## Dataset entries
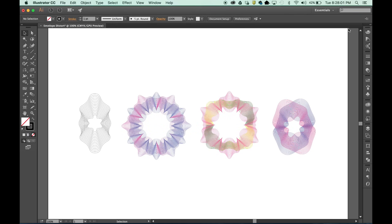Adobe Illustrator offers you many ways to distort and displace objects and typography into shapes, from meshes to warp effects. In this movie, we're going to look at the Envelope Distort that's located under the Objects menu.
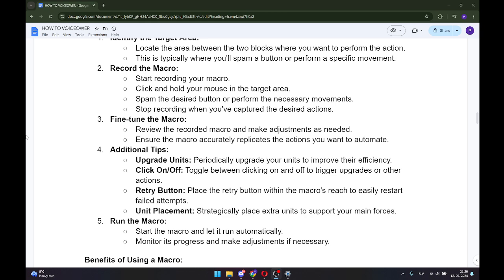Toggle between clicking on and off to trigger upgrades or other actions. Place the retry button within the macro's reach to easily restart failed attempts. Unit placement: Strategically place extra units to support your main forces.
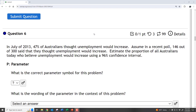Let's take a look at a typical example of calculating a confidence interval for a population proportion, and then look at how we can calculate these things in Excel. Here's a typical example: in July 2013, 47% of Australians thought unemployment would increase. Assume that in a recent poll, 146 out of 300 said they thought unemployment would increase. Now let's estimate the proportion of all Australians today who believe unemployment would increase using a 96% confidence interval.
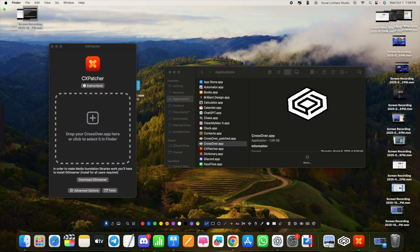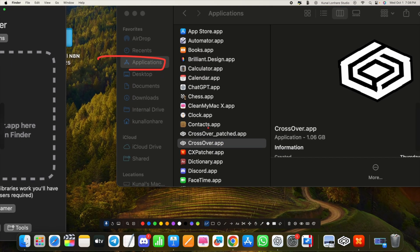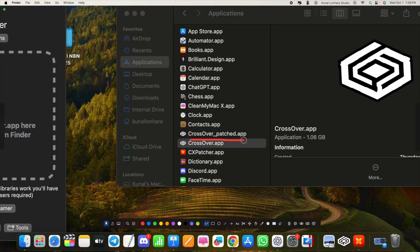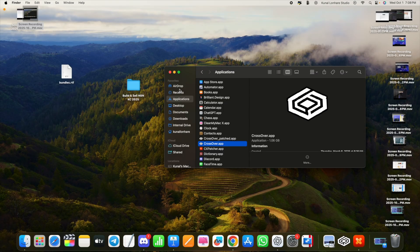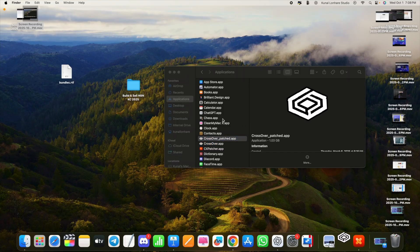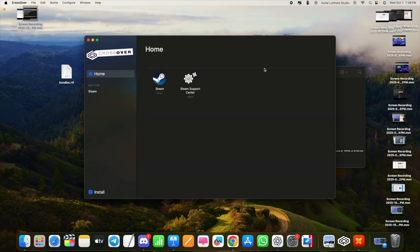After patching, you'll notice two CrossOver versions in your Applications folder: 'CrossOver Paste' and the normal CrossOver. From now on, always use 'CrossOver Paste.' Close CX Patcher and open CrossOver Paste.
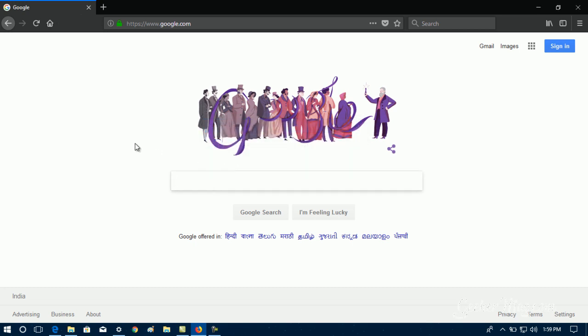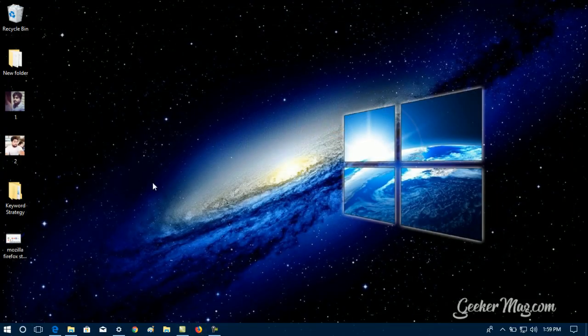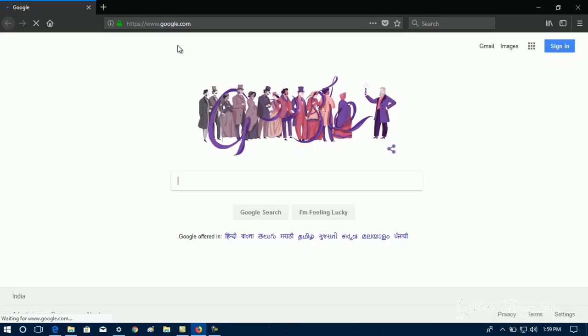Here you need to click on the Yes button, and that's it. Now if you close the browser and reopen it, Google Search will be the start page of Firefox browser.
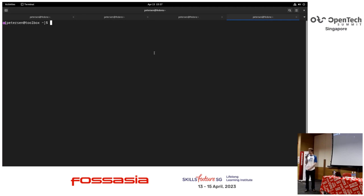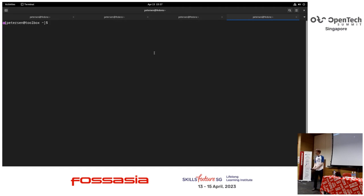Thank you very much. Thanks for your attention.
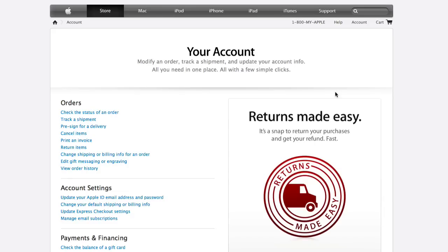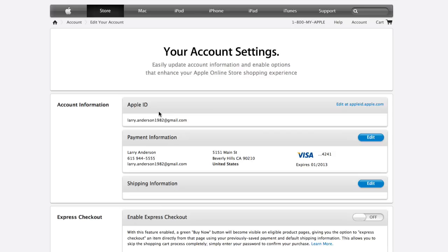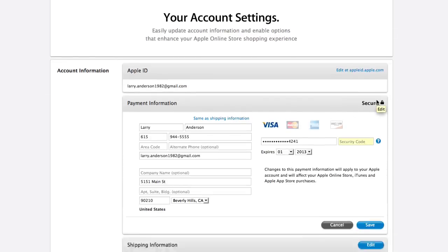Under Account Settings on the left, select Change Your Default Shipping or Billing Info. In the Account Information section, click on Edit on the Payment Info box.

## Your objective
The answer must reproduce every line of the records above exactly, with all pictures left out.

## Problem solution
Adobe Illustrator offers you many ways to distort and displace objects and typography into shapes, from meshes to warp effects. In this movie, we're going to look at the Envelope Distort that's located under the Objects menu.
Toggle between clicking on and off to trigger upgrades or other actions. Place the retry button within the macro's reach to easily restart failed attempts. Unit placement: Strategically place extra units to support your main forces.
Let's take a look at a typical example of calculating a confidence interval for a population proportion, and then look at how we can calculate these things in Excel. Here's a typical example: in July 2013, 47% of Australians thought unemployment would increase. Assume that in a recent poll, 146 out of 300 said they thought unemployment would increase. Now let's estimate the proportion of all Australians today who believe unemployment would increase using a 96% confidence interval.
After patching, you'll notice two CrossOver versions in your Applications folder: 'CrossOver Paste' and the normal CrossOver. From now on, always use 'CrossOver Paste.' Close CX Patcher and open CrossOver Paste.
Here you need to click on the Yes button, and that's it. Now if you close the browser and reopen it, Google Search will be the start page of Firefox browser.
Thank you very much. Thanks for your attention.
Under Account Settings on the left, select Change Your Default Shipping or Billing Info. In the Account Information section, click on Edit on the Payment Info box.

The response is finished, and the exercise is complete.